© Avant-verlag, Berlin, 2019
Auf dem Buchcover in sanftem Lachsrosa sehen wir eine amüsante Szene – eine junge Frau in einer ungeschickten Pose auf dem Sofa. Sie versucht, ihren Kopf in den dunklen Ritz zwischen Sitzfläche und Rückenpolster zu stecken. Wo will sie hin? Will sie, dass wir mitkommen, oder will sie sich verstecken oder flüchten? Ich fordere Sie auf, ihr zu folgen, selbst wenn sich bald herausstellen sollte, dass Sie im Buchinneren mal peinlich berührt, mal traurig sind, oder etwas des gerade Gelesenen Sie verärgert. In zehn kurzen Szenen lässt die junge Comic-Zeichnerin Julia Bernhard die Leser*innen am Alltag moderner junger Erwachsener teilhaben, etwa in Gesprächen und Beziehungen mit Freunden, Geliebten, Großeltern, Haustieren und Zimmerpflanzen. Im Abgrund unter dem Polster eröffnet sich eine Erzählung über Depressionen, Einsamkeit, Selbstvorwürfe, über Nicht-gehört-werden und Missverständnisse.
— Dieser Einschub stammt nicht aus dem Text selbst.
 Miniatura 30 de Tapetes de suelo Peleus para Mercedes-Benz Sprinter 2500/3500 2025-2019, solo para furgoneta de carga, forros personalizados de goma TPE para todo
Dieses sympathische Buch über Apathie bekräftigt auch den Ausspruch „eine Zeichnung sagt mehr als tausend Worte“. Mit feinen, lakonischen Linien und unauffälligem Schriftsatz, monotonen Farben und Bildern verstärkt die Autorin das Gefühl der Entfremdung und die Widersprüche zwischen den überzeugt vorgetragenen Aussagen der Heldin und ihren tatsächlichen Gedanken und dem Gefühl von Hilflosigkeit.
2020 erhielt Julia Bernhard den bedeutendsten deutschen Comicpreis, den Max-und-Moritz-Preis, in der Kategorie „Bestes deutschsprachiges Comic-Debüt“.